Democrats have yearned for a demographic deliverance, arguing a multiracial coalition would inevitably elevate their progressive policies. Proposition 16 points to a more uncertain reality.

Carlos E. Cortés has lived the history of diversity in California. An emeritus professor and historian of race and ethnicity, he became the second Mexican-descended scholar to join the faculty of the University of California, Riverside. He supported the measure, even as he understood its limited appeal.

“It’s not going to cause great eruptions of protest,” Dr. Cortés said, speaking of the possible end of affirmative action, which, he noted, is a reliable loser at the ballot box. “If they keep making it a cause, they will just alienate Hispanic and Asian voters.”

 Expectations Upended

California’s college officials framed support for Proposition 16 as a matter of social justice. They said it would lead to more diverse campuses and allow students to understand sad historical legacies.

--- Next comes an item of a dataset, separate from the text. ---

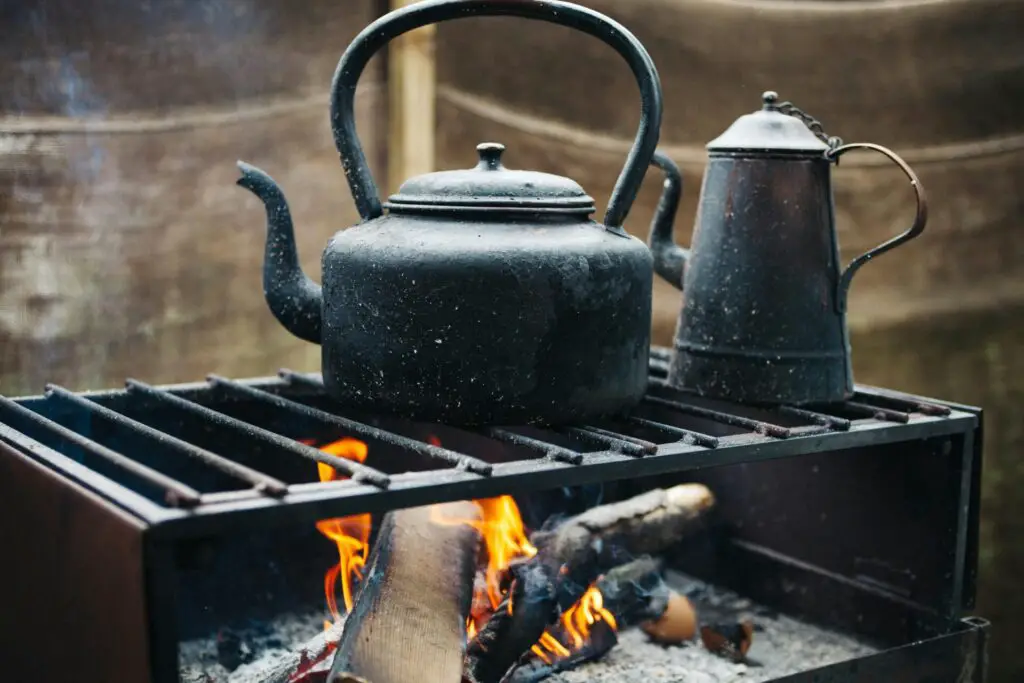 how to make an outdoor kitchen on a budget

“There is amazing momentum for righting the wrongs caused by centuries of systemic racism in our country,” John A. Pérez, then the chairman of the California Board of Regents, said during the 2020 campaign.

There was the view, too, that California’s 1996 ban deprived Black and Hispanic business owners, who have less generational wealth than white counterparts, of hundreds of millions of dollars in contracts.


The New York Times
The New York Times
“Unconscious bias and institutional racism is embedded,” said Lisa Holder, president of the Equal Justice Society, a nonprofit law firm, and a Proposition 16 supporter. “Unless you take affirmative steps, this continues in perpetuity.”

Supporters believed such arguments held broad appeal. But the Times analysis and interviews showed support for Proposition 16 is often divided along racial lines, with Black voters supporting it, while Asian voters rejected it. In fact, nearly all majority Asian precincts in Los Angeles voted against the proposition. And across racial and ethnic groups, support for the referendum fell short of support for Mr. Biden.

This was true even of majority Black precincts in Los Angeles, which supported Proposition 16 by wide margins. Mr. Biden outpaced that support by an average of about 15 percentage points.